Radio Télévision Guinéenne
- Type: Broadcast
- Country: Guinea
- Availability: National
- Owner: Government of Guinea
- Launch date: Television: 1977

= Radio Télévision Guinéenne =

Public broadcaster in Guinea

Radio Télévision Guinéenne (RTG) is a public broadcaster of the West African state of Guinea. Radio Télévision Guinéenne is headquartered in the capital city of Conakry.

==Background and history==
Radio broadcasting in Guinea started in the colonial era, when the country was called French Guinea. Up until its independence, on 2 October 1958, the main activity of "radio banana" consisted in the broadcast of warnings and messages of the large local commercial companies on the movements of boats transporting bananas or citrus fruits; after independence, "radio banana" became Radio Guinée.

In 1962 the Voix de la Révolution (French for Voice of the Revolution) was created, the organization responsible for managing radio, and the offer increased to two stations, one national and the other international, which however were merged in November 1970, returning to being one. In May 1977 the first television channel started, which at the beginning was in black and white; color was introduced in June 1977. Full-color broadcasting since 1979.

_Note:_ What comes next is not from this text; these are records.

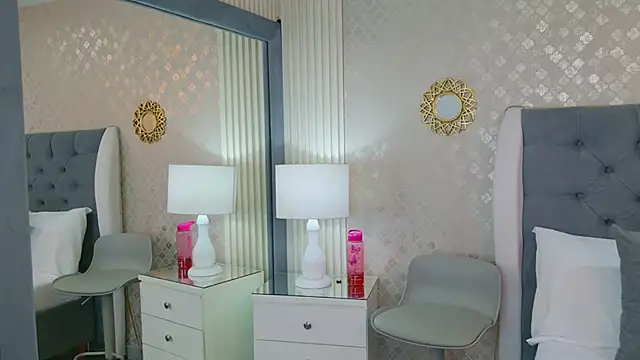 VioletSweetts webcam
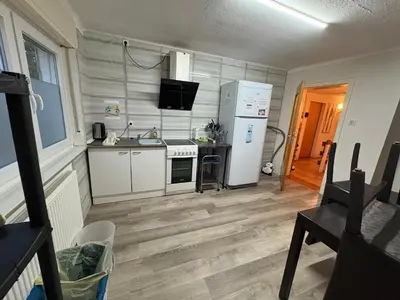 Küche/Küchenzeile in der Unterkunft Gusenburg H 14 für bis 8 Personen Monteurwohnung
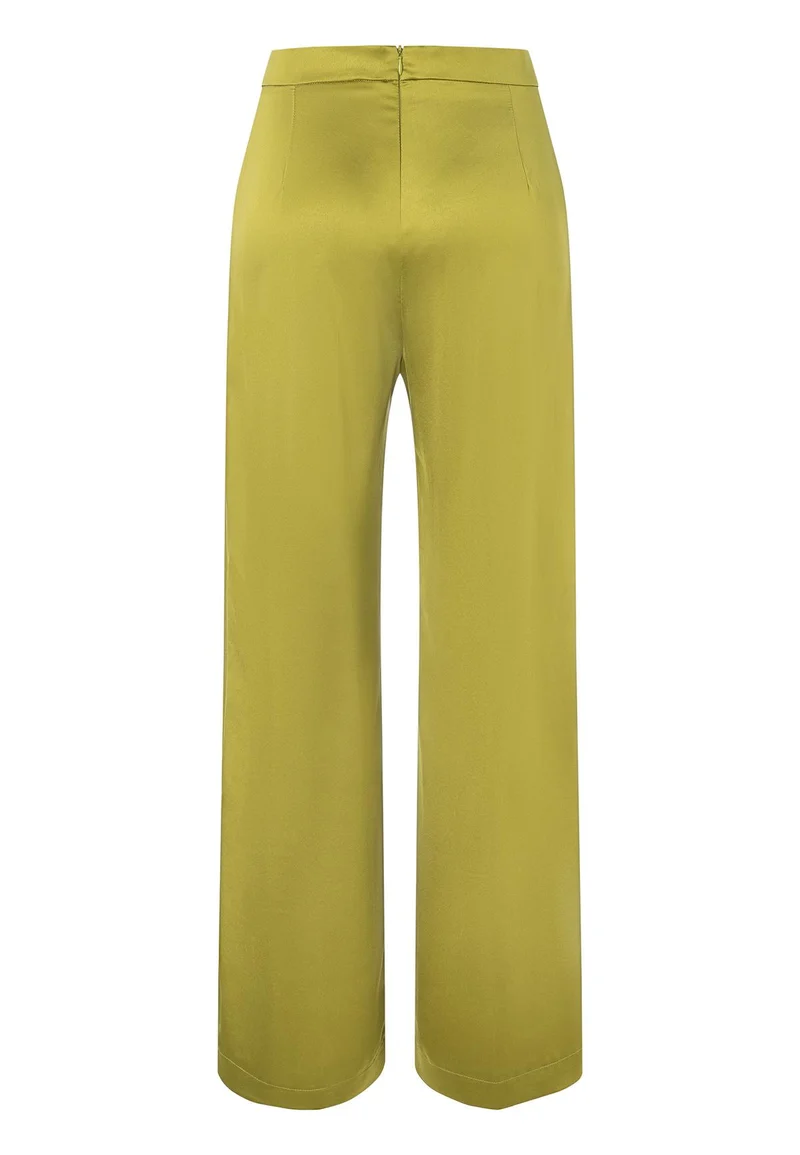 Satinhose Pahisa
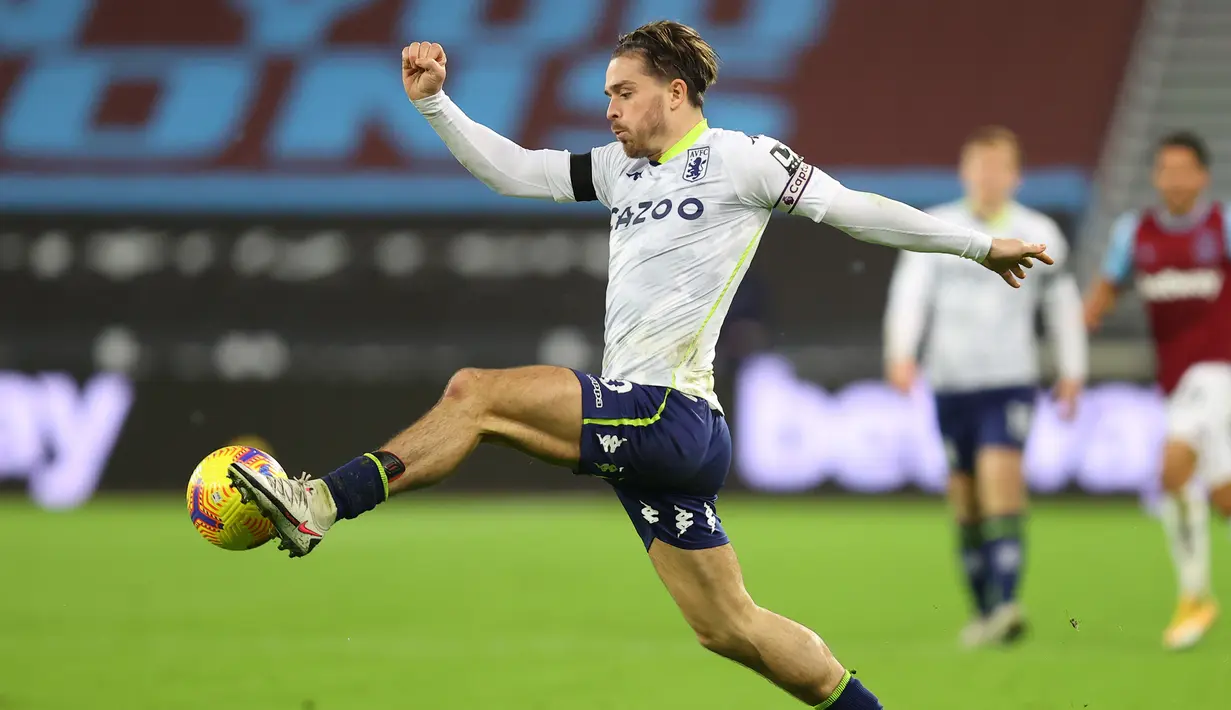 1. Jack Grealish. Gelandang andalan Aston Villa ini mengenakan kaos kaki rendah untuk mengiktui ciri fesyen masa kecilnya yang menggunakan shinpads berukuran mini, tidak ada maksud untuk percaya kepada takhyul. (AFP/Julian Finney/Pool)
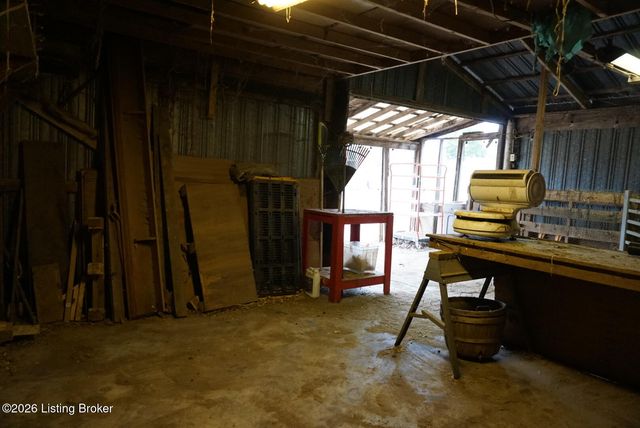 135 Porter Ln, Elizabethtown, KY 42701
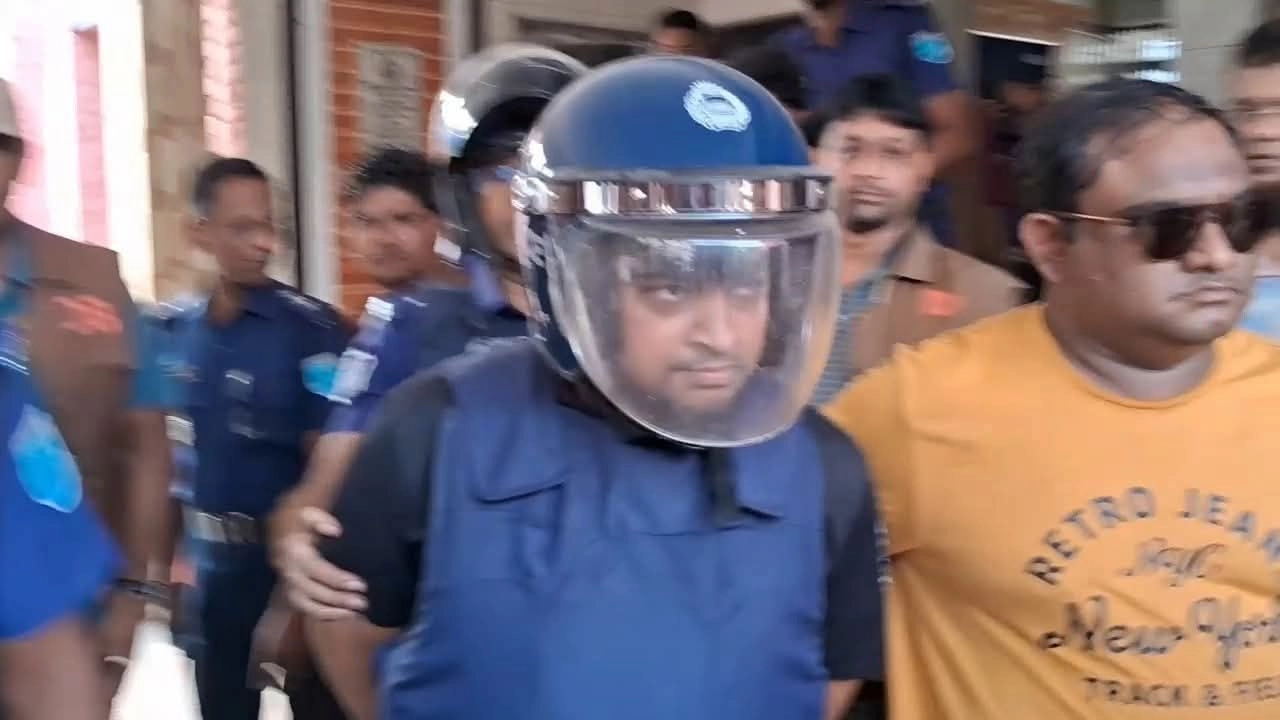 মুন্সীগঞ্জ পৌরসভার সাবেক কাউন্সিলর ও নিষিদ্ধ ঘোষিত ছাত্রলীগের সাধারণ সম্পাদক সাজ্জাত হোসেন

After the death of Ahmed Sekou Touré in 1984, the Voix de la Révolution became the current Radio Télévision Guinéenne, and a general director was placed at the head of the organization. In January of the same year, a documentation and archive service was created in charge of collecting, processing and making available all the documents produced and received by RTG, and safeguarding the audiovisual heritage of the radio and television archives; archive management was computerized in 1990.

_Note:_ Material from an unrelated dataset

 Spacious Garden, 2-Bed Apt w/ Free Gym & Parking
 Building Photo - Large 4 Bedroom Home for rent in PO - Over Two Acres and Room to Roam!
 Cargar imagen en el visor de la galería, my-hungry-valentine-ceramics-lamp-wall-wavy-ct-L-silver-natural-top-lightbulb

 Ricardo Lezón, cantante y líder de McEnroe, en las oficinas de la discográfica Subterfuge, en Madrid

In August 1992, regional radio station RKS was created to serve the Conakry area within an 80 km radius.

RTG television broadcasting began in 2002 via satellite. In April 2025, the free-to-air RTG and RTG 2 channels on the satellite were discontinued in order to be moved to the graveyard orbit on the Intelsat 901 satellite. Currently, only encrypted satellite platforms continue.

In 2007, a Guinean Air Force MiG-21 departing from Conakry crashed into the Radio Television Guineenne headquarters. The Russian pilot ejected and was unharmed.

RTG is member of the African Union of Broadcasting (AUB).